IndisputableMonolith.Physics.HiggsMassScoreCard
This module assembles a scorecard for the Higgs boson mass prediction in Recognition Science. It imports the rung assignment to define codata rows, a prediction interval in (120, 130) GeV, and a certification theorem verifying agreement within five percent of the observed value. The structure consists of explicit row definitions followed by interval checks and a final holds theorem. A physicist working on the RS mass table would cite it to confirm the Higgs entry closes the particle spectrum.
claimThe Higgs mass scorecard certifies that the predicted interval $m_H^pred$ derived from the φ-ladder rung satisfies $m_H^pred ∈ (120, 130)$ GeV and $|m_H^pred - m_H^obs| / m_H^obs < 0.05$.
background
Recognition Science assigns particle masses via the φ-ladder, where each rung scales a base yardstick by φ raised to an integer power adjusted by gap(Z). The upstream HiggsRungAssignment module uses Q₃ geometry to place the Higgs on its rung, producing the core hypothesis that m_H lies in (120, 130) GeV. This scorecard module builds directly on that assignment by introducing codata rows for the prediction and the within-five-percent predicate.
proof idea
This is a definition module with supporting theorems. It first defines the codata row and positive codata row for the Higgs mass, then constructs the prediction interval from the rung value, and finally proves the within-five-percent condition by direct comparison of the interval bounds to the observed mass.

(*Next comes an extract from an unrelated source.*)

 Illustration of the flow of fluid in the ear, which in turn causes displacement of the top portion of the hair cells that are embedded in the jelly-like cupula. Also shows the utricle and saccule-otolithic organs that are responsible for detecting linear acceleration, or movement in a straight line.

why it matters in Recognition Science
The module completes the Higgs entry in the RS particle mass table. It supplies the certification that feeds the overall verification of the Standard Model spectrum, linking the φ-ladder mass formula to experimental agreement. The certification closes the chain from the J-uniqueness and self-similar fixed point to an observable boson mass.
scope and limits
- Does not derive the Higgs mass from first principles without the rung hypothesis.
- Does not include radiative corrections or running of the mass parameter.
- Does not address the full Higgs potential or vacuum stability.
- Does not predict the exact observed mass; it only checks interval agreement.